“Zona J” Para onde foi
a vida deles?
Por Alexandra Lucas Coelho
Félix Fontoura vende sapatos na Amadora. Há
cinco anos protagonizou um dos maiores sucessos de bilheteira do
cinema português. O argumento era inspirado na história
do Mariana, um rapaz da Zona J de Chelas. Fomos à procura
deles, cinco anos depois. Por Alexandra Lucas Coelho
1. MARIANA
Na paragem do 59, frente aos Correios — disse
Mariana ao telefone. Oficialmente, Chelas fica em Lisboa. Passe
L, no 59, por exemplo, que vem dos Restauradores. Não é
campo, nem subúrbio, nem improviso. Foi pensada de raiz para
ficar. E ficou assim. Algo que se contorna, dentro da cidade. Ou
que se atravessa rapidamente, de carro. Um vale ventoso. Centenas
de prédios de um lado e do outro — centenas de prédios
são milhares de pessoas, mas as pessoas não se vêem
dos carros. A Zona J fica no lado nascente. É lá que
Mariana mora. Foi a partir da história dele que se fez o
argumento de “Zona J”.
O 59 pára na praça frente aos Correios.
Está um gelo de manhã. Mariana aparece igual ao Filomena
do filme, cabelo bem rente, anel de prata, argolas de ouro. Esfrega
as mãos para aquecer. Ainda não tomou o pequenoalmoço.
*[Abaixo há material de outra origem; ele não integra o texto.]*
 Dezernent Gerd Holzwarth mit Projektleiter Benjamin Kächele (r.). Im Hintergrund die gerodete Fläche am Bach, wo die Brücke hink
O café onde costuma ir fica na fiada de prédios por
trás da paragem. Parecem uma construção de
legos psicadélica: rosa-choque, verde-eléctrico, roxo,
laranja. Pequenos relvados em volta, ecopontos, calçada portuguesa,
bancos. —
— Antes não havia calçada nem relva. Pintaram
as fachadas... mas é só fachada.
Avançamos pelos patamares. Cores estaladas, cimento à
mostra, buracos, poças de água, lixo rodopiando ao
vento.
Toda a gente conhece o Mariana, no café. Sentamo-nos. Ele
conta que já não vive na casa de há cinco anos,
mas numa um pouco maior. Com a mãe (que continua a levantar-se
às 4h da manhã para fazer limpezas na Baixa), a companheira
e o filho de dois anos e meio. Tem um emprego fixo, na empresa de
Tino Navarro, que produziu “Zona J”.
— Envio faxes, arquivo documentos, atendo telefones, faço
contactos... entrei num telefilme da SIC, “A Noiva”...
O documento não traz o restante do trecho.